My intention is mainly for portraits where you might want to be shooting wide open, am I expecting too much from roll film backs? Even if stopping down I would still like to know that what I am primarily focusing on is in focus! Any others had these problems? Any advice? I can get sharp images with my Pentax 67 at 2.4 and that is when objects are prone to movement, considering that these tests have all been static, then I don't see the issue and the fact that some are in and some are out (although always very close to being in focus) is reall confusing me..

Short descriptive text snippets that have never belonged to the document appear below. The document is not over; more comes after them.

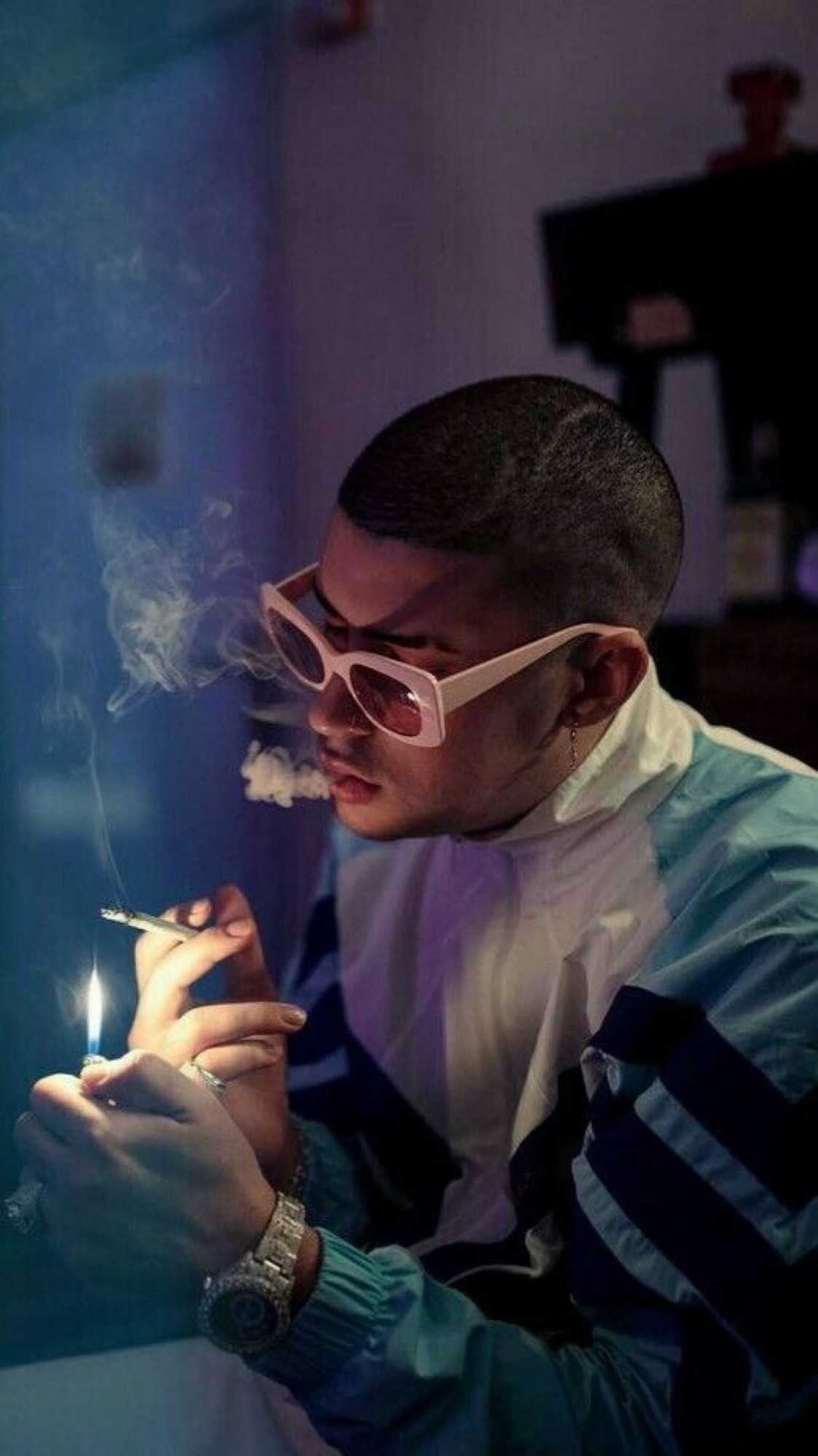 Bad Bunny con sigaretta accendino, 1124x2000 Verticale, Mobile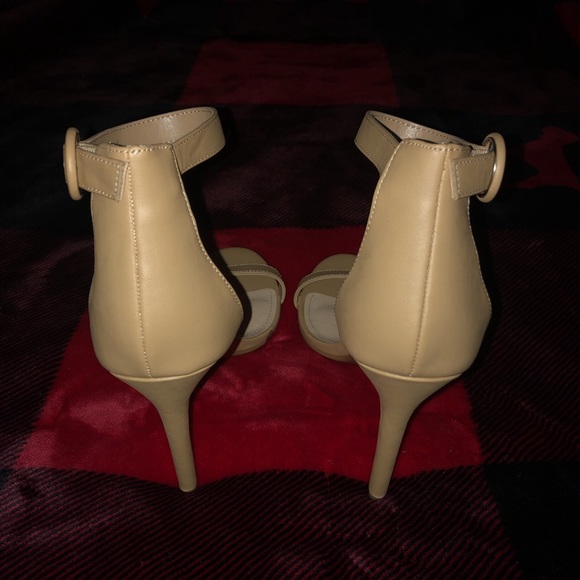 Heels✨ - Picture 3 of 4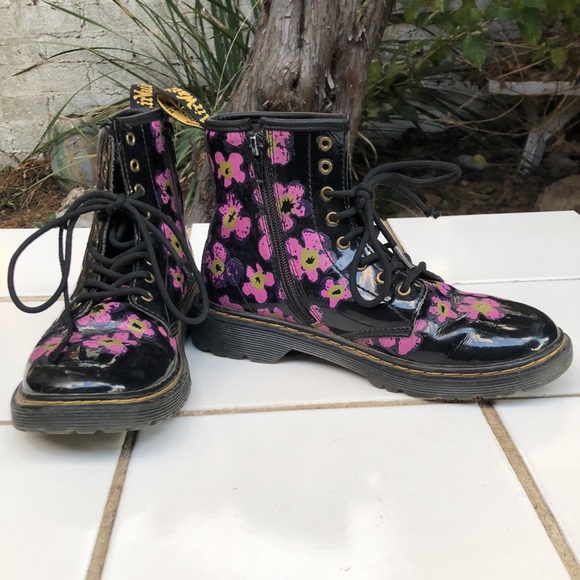 Dr. Martens Black Floral Boots Size 4 Girls Combat Purple Flowers Lace Up 1460 - Picture 4 of 13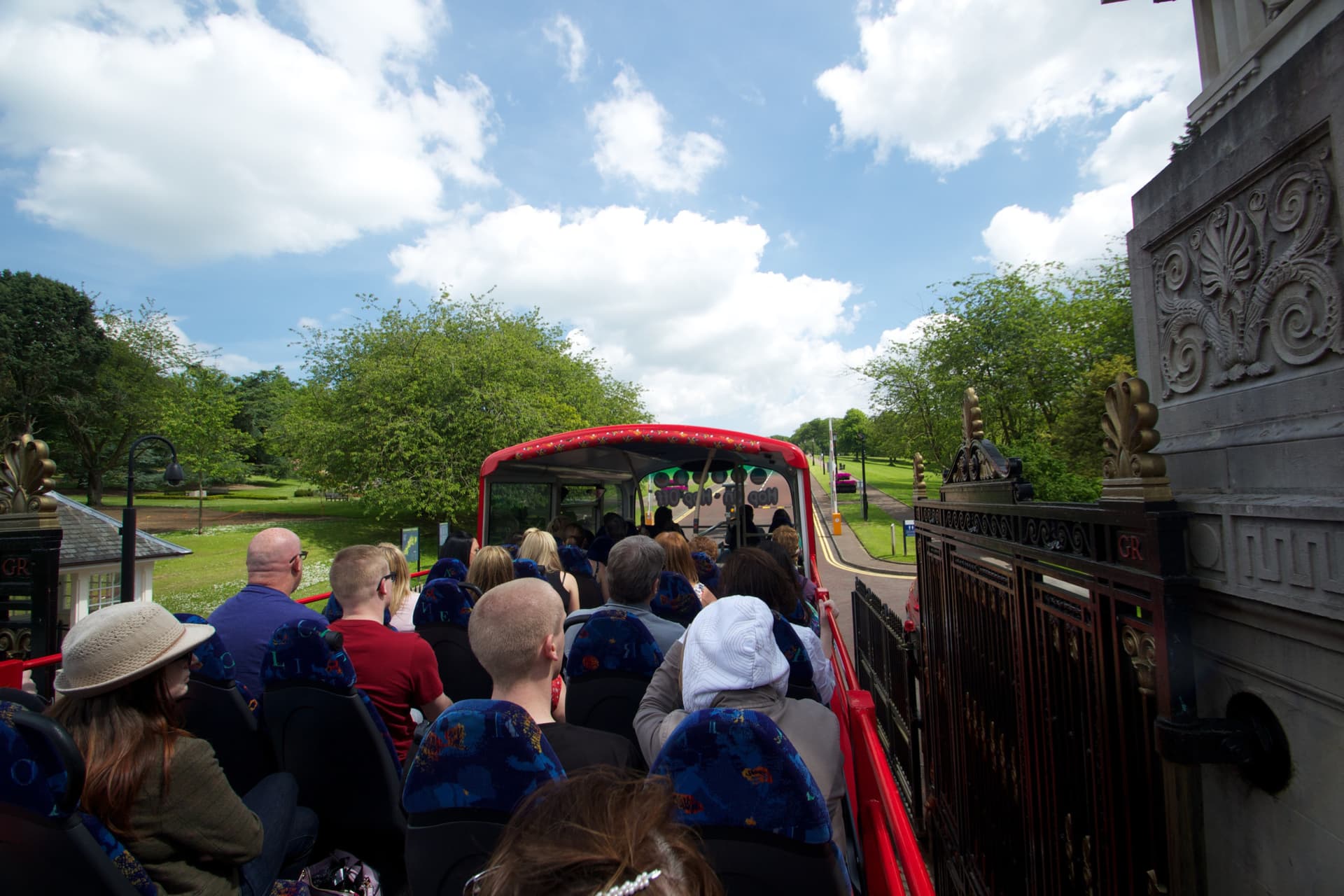 City Sightseeing Belfast Hop-on Hop-off Bus Tour - სურათი 7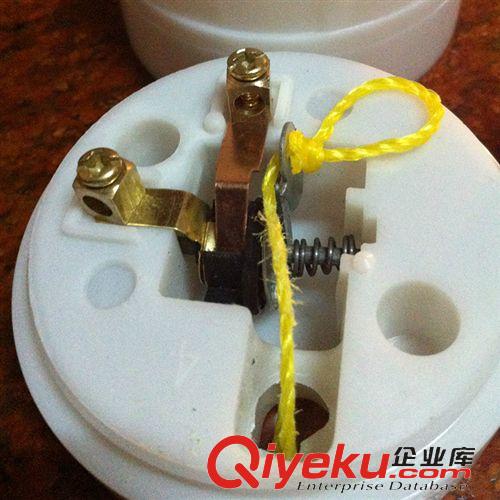 長舟拉線開關(guān) 棉湖廠家直銷批發(fā)供應(yīng) 829 乳白電玉拉線開關(guān) 墻壁開關(guān) 拉盒原始圖片3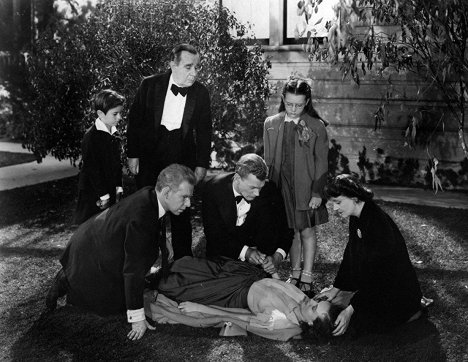 Charles Bates, Hume Cronyn, Henry Travers, Joseph Cotten, Edna May Wonacott, Teresa Wright, Patricia Collinge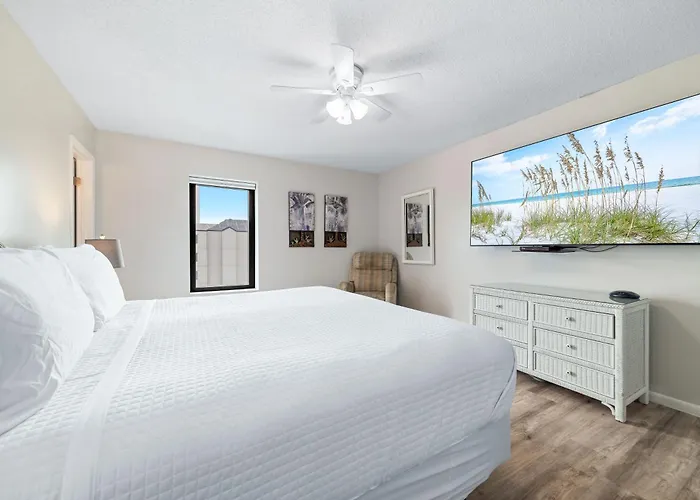 Island Winds West Unit 880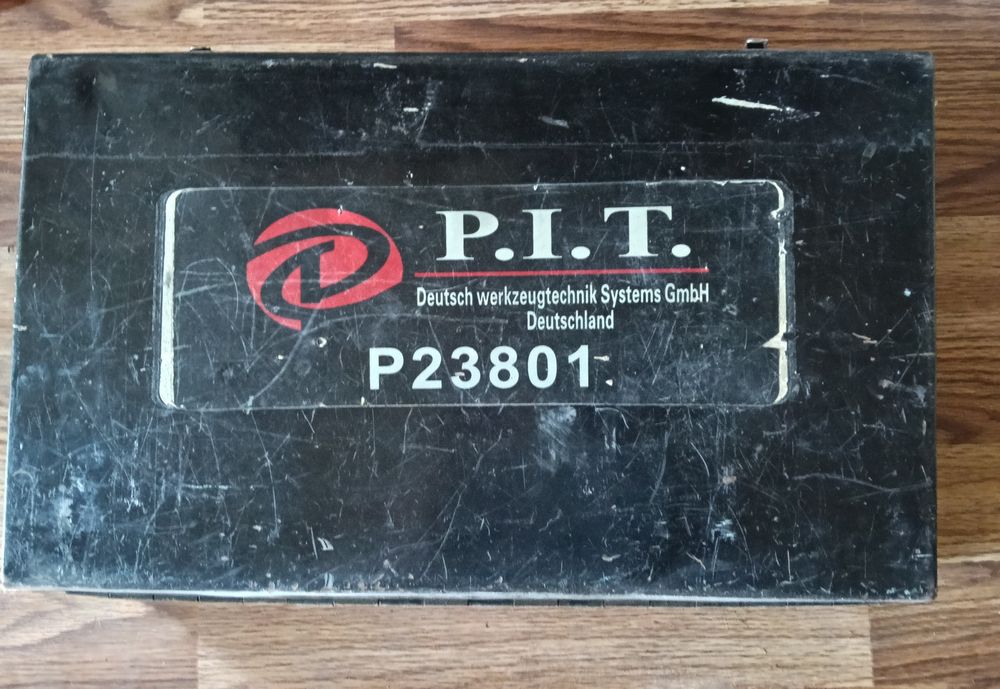 Перфоратор б.у в хорошем состоянии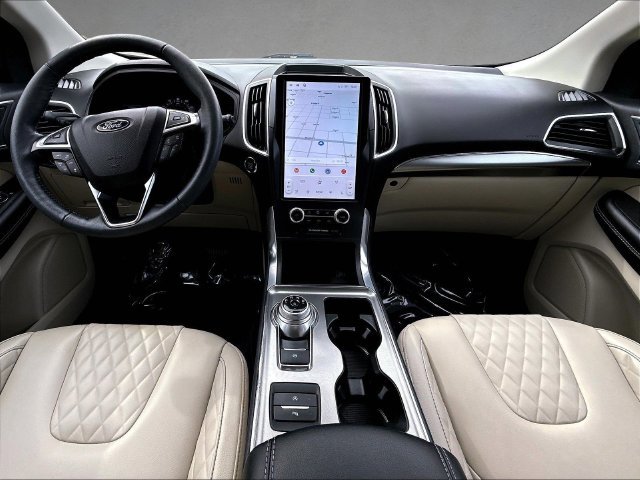 Certified 2024 Ford Edge Titanium AWD/4WD image 11
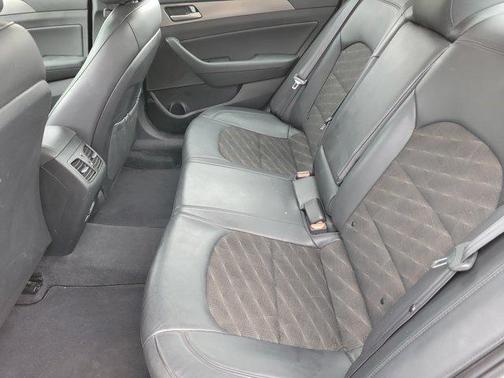2019 Hyundai SONATA Sport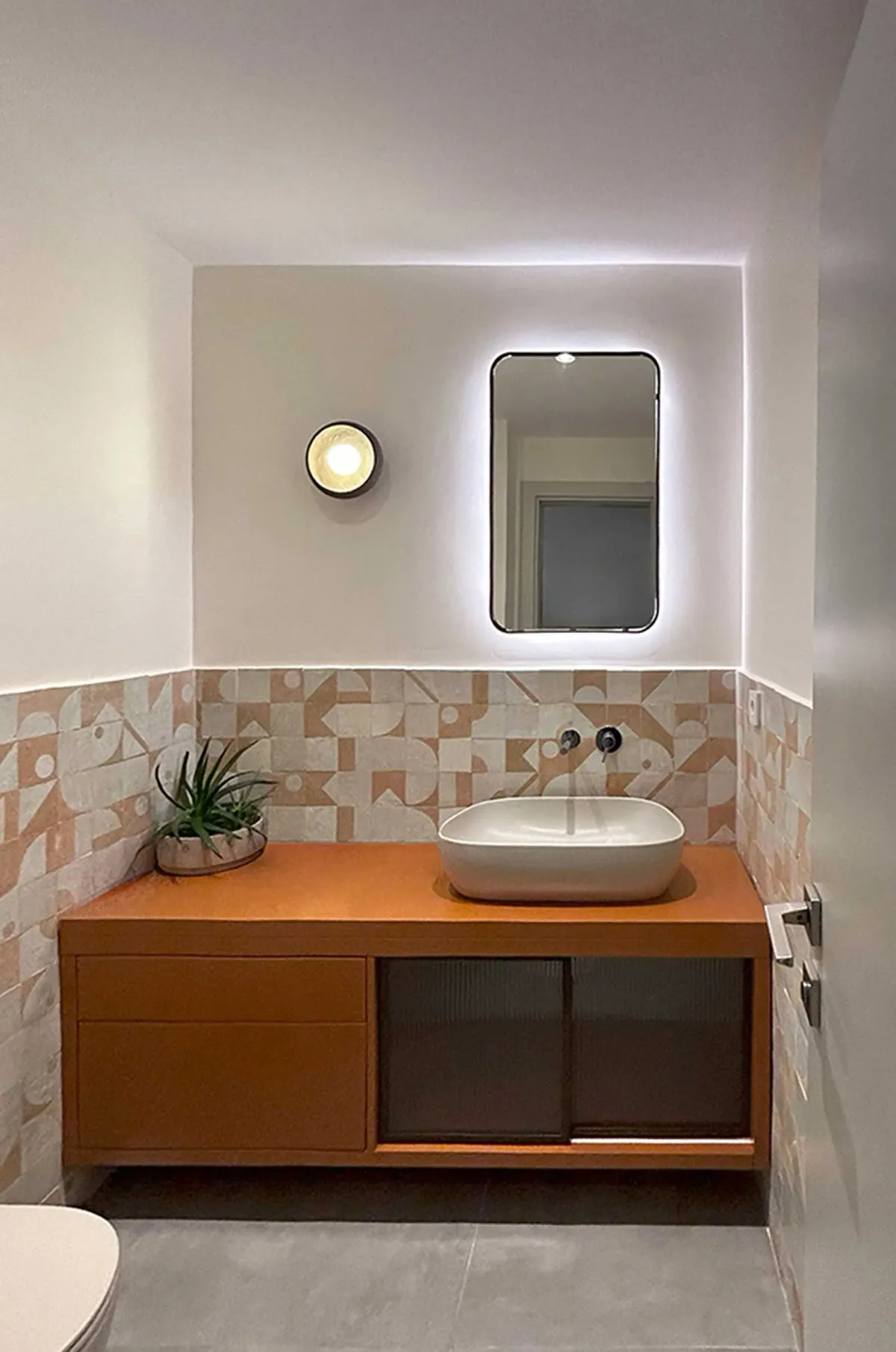 Powder room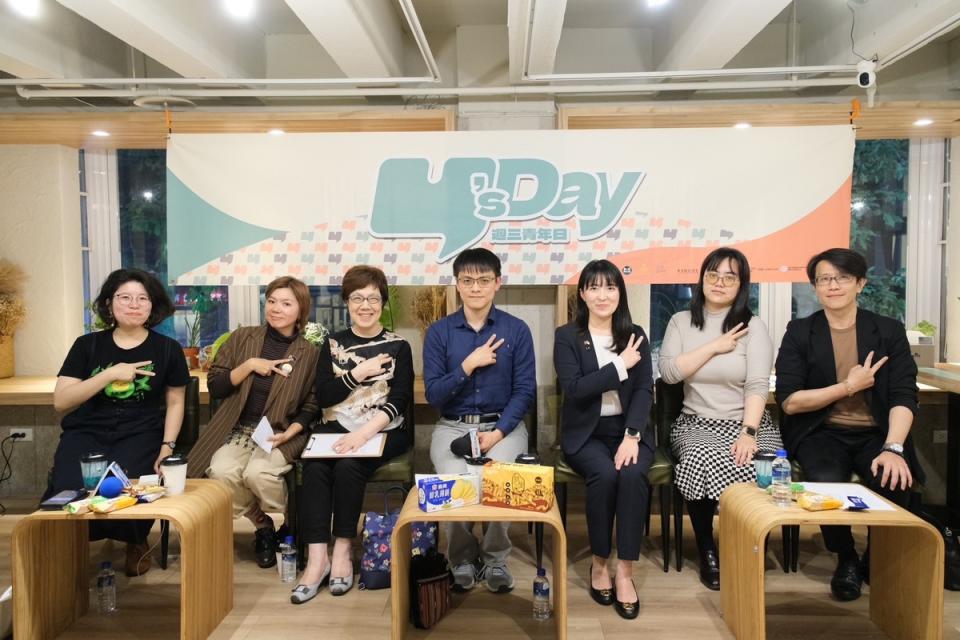 Y’s Day「週三青年日」第44場「性別天花板推陳出新，進步力量該如何突圍？」於13日舉辦，舞台上由左至右：王彥涵、何語蓉、李安妮、陳方隅、山田摩衣、蔡宜文、董思齊。   圖： Y’s Day「週三青年日」提供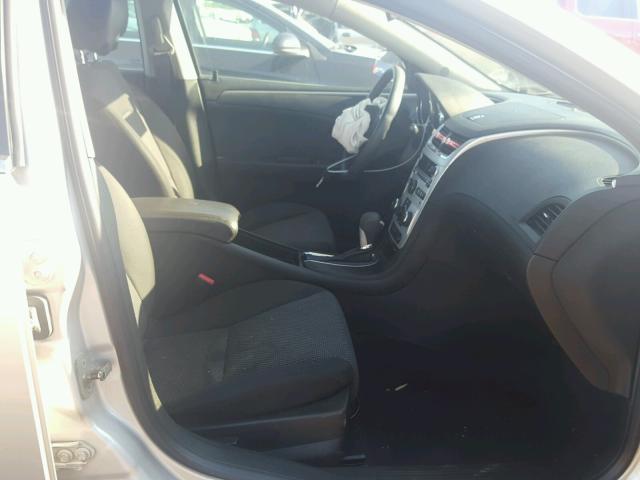 1G1ZC5EUXBF100963 - 2011 CHEVROLET MALIBU 1LT 银色 照片 5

Any thoughts, comments or advice would be greatly appreciated!

Best Regards Josh

ic-racer
11-Jul-2010, 07:37
I'd waste a frame and see if the film center is bulging from the pressureplate of the rollfilm back. Touch it with the tip of a pencil. If it indents then it was not firmly against the pressure plate. I suspect sometimes it bulges and sometimes not, just like in a medium format camera. If I want precise focus, I'll always try to use sheet film.

rdenney
11-Jul-2010, 16:38
I have a Vario (and also a Shen-Hao) and have made 6x12 images with both. Both were absolutely as sharp as I would have expected from sheet film. The Sinar is known for film flatness (the Calumet is not). The Vario is the previous model to the Zoom/Zoom2.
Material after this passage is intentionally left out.